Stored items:
++++

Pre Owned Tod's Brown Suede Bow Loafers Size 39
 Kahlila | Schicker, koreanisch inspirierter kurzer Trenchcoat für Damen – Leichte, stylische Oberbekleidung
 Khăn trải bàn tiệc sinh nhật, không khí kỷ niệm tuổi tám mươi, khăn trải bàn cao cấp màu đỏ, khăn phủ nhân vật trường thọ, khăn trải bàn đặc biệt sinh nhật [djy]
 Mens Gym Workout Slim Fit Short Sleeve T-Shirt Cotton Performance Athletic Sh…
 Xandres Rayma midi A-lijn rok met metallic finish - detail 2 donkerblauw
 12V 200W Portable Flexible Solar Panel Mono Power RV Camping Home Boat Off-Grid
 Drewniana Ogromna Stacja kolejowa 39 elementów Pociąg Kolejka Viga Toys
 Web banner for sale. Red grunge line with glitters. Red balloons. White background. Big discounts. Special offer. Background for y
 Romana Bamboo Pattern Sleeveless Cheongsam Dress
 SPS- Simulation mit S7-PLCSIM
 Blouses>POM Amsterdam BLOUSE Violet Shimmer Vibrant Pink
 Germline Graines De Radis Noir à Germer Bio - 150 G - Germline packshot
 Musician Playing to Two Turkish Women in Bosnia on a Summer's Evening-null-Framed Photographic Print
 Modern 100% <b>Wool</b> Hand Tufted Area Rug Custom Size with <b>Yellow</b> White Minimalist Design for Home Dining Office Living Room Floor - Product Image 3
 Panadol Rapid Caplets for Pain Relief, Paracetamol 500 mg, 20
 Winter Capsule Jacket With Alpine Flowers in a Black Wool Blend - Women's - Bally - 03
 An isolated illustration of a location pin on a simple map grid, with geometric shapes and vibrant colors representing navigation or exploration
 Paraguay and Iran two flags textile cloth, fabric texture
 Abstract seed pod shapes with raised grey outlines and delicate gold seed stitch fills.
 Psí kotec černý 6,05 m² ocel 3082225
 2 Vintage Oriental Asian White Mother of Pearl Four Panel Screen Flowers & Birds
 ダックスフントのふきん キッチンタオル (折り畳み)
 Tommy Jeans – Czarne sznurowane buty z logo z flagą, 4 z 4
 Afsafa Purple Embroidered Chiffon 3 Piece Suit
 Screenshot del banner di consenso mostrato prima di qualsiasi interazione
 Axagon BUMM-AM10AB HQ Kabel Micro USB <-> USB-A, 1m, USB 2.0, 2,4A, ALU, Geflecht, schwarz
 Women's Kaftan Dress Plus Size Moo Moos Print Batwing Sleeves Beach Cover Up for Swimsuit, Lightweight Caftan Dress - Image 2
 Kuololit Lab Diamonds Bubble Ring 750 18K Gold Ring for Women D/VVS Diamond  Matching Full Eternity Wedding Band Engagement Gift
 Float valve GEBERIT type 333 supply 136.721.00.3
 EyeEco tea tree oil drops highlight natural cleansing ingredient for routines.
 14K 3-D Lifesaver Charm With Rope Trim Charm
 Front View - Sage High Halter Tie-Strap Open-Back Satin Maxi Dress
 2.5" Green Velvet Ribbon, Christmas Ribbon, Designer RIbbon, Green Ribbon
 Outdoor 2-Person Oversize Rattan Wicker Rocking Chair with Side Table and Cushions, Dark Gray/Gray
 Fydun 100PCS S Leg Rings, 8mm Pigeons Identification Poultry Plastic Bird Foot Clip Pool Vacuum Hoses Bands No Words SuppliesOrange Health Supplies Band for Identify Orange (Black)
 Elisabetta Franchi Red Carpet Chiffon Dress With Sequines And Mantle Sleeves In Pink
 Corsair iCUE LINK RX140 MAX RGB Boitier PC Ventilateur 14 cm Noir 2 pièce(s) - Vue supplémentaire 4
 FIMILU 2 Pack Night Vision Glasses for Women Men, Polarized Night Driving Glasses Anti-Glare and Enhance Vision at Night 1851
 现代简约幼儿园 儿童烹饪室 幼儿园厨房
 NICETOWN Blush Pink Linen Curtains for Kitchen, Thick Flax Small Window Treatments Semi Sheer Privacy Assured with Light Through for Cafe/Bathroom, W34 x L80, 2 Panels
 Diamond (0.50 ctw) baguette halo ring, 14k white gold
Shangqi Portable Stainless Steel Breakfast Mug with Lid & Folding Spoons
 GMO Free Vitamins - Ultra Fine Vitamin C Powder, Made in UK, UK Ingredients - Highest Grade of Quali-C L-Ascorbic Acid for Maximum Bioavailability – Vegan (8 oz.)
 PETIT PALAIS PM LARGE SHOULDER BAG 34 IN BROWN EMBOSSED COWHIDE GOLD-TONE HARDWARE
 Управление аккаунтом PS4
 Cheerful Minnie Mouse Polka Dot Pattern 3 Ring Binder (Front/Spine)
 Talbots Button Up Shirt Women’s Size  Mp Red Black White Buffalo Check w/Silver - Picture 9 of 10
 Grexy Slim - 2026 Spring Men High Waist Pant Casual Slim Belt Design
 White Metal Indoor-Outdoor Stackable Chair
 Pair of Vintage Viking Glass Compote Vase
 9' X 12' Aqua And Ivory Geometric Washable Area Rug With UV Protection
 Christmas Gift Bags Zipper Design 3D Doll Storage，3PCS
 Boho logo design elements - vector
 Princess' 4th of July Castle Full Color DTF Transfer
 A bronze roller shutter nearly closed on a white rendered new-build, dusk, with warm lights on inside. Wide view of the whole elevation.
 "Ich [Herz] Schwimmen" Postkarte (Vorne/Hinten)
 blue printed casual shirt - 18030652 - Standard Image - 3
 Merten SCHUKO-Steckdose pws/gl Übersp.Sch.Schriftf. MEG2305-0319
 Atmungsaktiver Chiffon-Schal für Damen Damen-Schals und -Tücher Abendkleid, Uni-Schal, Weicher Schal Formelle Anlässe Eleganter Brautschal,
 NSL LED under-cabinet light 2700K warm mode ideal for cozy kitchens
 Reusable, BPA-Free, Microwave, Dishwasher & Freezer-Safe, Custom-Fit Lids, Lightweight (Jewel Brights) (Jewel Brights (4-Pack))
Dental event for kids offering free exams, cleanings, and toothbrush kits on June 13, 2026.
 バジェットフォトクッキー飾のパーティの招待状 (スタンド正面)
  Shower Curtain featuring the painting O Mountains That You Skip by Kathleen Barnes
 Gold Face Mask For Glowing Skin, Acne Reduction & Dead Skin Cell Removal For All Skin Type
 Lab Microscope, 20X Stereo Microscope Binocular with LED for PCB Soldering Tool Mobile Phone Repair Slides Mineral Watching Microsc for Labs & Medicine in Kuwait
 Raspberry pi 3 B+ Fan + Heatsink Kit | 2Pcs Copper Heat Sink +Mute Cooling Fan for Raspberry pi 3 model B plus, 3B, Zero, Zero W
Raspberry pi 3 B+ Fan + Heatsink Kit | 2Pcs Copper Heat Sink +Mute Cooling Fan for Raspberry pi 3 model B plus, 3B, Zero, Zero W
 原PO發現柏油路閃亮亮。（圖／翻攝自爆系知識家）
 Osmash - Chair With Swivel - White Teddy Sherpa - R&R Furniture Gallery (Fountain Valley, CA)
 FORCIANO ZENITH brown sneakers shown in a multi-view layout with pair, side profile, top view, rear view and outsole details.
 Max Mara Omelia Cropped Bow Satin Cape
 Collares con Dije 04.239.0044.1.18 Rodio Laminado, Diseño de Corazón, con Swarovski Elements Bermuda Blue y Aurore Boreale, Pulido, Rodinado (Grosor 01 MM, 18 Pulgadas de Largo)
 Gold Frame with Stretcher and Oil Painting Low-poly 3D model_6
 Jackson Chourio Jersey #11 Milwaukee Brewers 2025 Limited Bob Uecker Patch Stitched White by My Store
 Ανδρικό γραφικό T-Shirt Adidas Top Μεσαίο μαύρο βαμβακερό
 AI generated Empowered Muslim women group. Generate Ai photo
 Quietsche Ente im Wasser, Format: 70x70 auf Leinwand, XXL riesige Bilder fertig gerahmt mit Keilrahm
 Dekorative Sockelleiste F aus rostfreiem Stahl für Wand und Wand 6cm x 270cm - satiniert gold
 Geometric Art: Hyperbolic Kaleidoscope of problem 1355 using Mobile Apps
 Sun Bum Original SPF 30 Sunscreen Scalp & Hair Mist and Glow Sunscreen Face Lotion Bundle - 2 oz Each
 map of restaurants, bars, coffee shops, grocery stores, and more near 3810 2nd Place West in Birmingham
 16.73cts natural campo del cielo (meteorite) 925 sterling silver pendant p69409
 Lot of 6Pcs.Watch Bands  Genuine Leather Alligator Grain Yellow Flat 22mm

++++

- _WORK ITEM_: Among the records above, only the lines between the line holding "Max Mara Omelia Cropped Bow Satin Cape" and the line holding "Quietsche Ente im", inclusive, are to be output, exactly as written.

- _EXERCISE RESULT_:
 Max Mara Omelia Cropped Bow Satin Cape
 Collares con Dije 04.239.0044.1.18 Rodio Laminado, Diseño de Corazón, con Swarovski Elements Bermuda Blue y Aurore Boreale, Pulido, Rodinado (Grosor 01 MM, 18 Pulgadas de Largo)
 Gold Frame with Stretcher and Oil Painting Low-poly 3D model_6
 Jackson Chourio Jersey #11 Milwaukee Brewers 2025 Limited Bob Uecker Patch Stitched White by My Store
 Ανδρικό γραφικό T-Shirt Adidas Top Μεσαίο μαύρο βαμβακερό
 AI generated Empowered Muslim women group. Generate Ai photo
 Quietsche Ente im Wasser, Format: 70x70 auf Leinwand, XXL riesige Bilder fertig gerahmt mit Keilrahm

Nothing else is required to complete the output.